Segment Start: Provided records

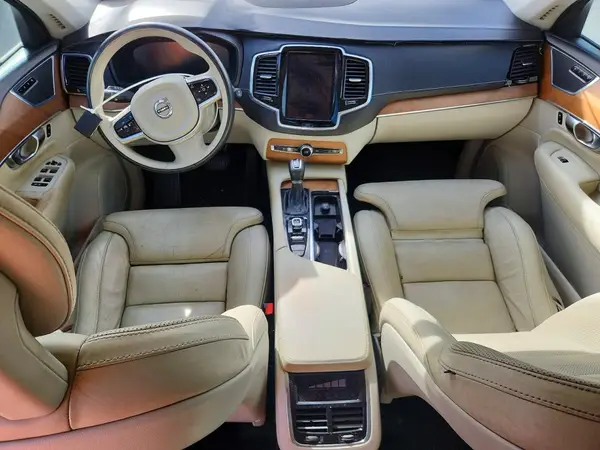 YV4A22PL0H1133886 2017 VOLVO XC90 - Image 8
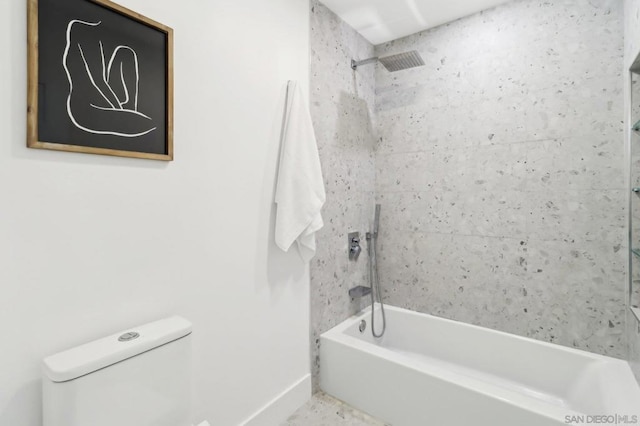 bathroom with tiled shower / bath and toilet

Segment End: Provided records
Segment Start: Provided records

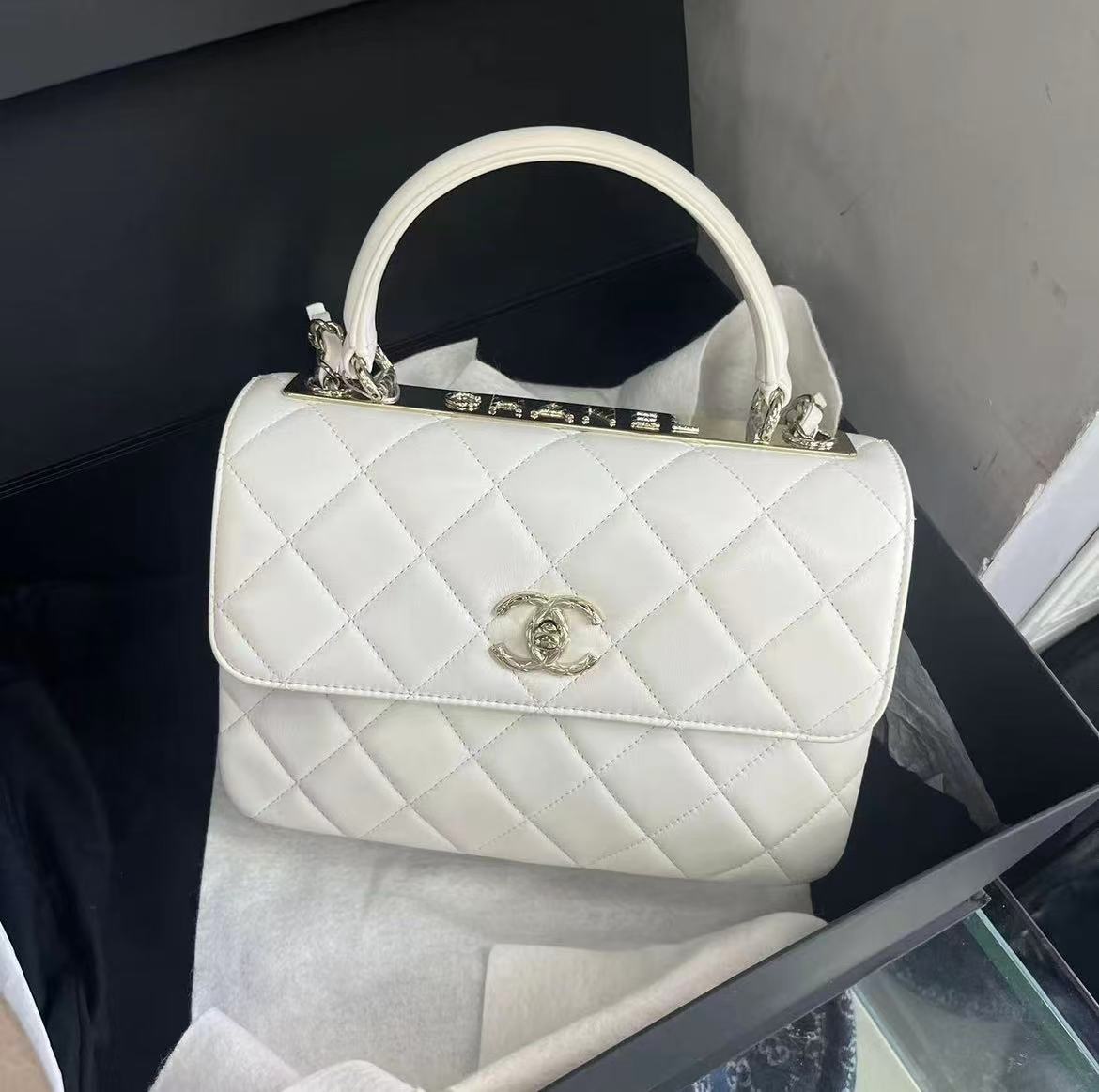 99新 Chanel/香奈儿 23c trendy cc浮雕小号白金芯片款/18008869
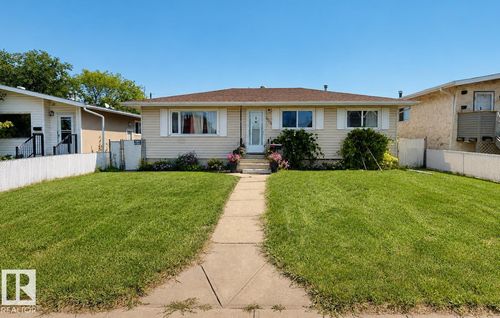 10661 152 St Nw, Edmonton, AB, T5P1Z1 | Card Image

Segment End: Provided records

§ Exercise requirements
From the records above, return exactly the lines running from the one that contains "YV4A22PL0H1133886 2017 VOLVO XC90 - Image 8" down to the one that contains "bathroom with tiled shower / bath and toilet", both included, without any pictures.

§ Task response
 YV4A22PL0H1133886 2017 VOLVO XC90 - Image 8
 bathroom with tiled shower / bath and toilet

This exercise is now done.